Schneider grew up in New Orleans.  There was a time in his youth when his life trajectory was slated for a career in the National Guard rather than in engineering.  His father thought that he needed 2 years of maturity that the Guard would provide.

“When I was in high school, I was a poor student,” Schneider said. “I wasn’t very motivated.”  But Schneider was always fascinated with space.  “I always knew since I was 10 that I wanted to be part of the space program. Of course they didn’t have a space program then.” 
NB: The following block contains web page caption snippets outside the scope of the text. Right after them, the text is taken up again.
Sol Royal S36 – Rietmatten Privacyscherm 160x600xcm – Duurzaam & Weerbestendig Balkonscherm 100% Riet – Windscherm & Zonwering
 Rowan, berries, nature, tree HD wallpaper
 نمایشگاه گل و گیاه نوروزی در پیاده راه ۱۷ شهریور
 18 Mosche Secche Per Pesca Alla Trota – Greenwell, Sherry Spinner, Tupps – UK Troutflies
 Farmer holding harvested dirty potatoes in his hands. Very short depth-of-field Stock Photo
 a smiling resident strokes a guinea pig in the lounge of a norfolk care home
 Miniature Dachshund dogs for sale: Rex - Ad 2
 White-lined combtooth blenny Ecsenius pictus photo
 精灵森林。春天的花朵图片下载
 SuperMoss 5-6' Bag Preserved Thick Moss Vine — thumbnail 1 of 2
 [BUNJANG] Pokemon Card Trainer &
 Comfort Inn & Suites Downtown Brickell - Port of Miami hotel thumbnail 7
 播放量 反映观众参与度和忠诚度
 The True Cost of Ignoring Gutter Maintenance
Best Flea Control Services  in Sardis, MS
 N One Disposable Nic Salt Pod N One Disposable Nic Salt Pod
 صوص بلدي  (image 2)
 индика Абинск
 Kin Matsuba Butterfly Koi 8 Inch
Everything changed after Schneider switched high schools to Thibodaux College. Schneider became more motivated, played on the football team and started excelling academically. When Louisiana State University (LSU) opened an engineering program in New Orleans, Schneider saw it as an opportunity.  Rather than joining the National Guard, he decided to give college a try and attended the university to study mechanical engineering.

One of the professors who inspired Schneider at LSU was from Germany.  He taught statics and dynamics.  Schneider remembers the first day in the professor’s class.

“Will Mr. Schneider stand up?” Schneider recalls the teacher saying.  

When Schneider stood up, the professor continued, “You will be the first in the class, you will be the best in the class. Sit down.”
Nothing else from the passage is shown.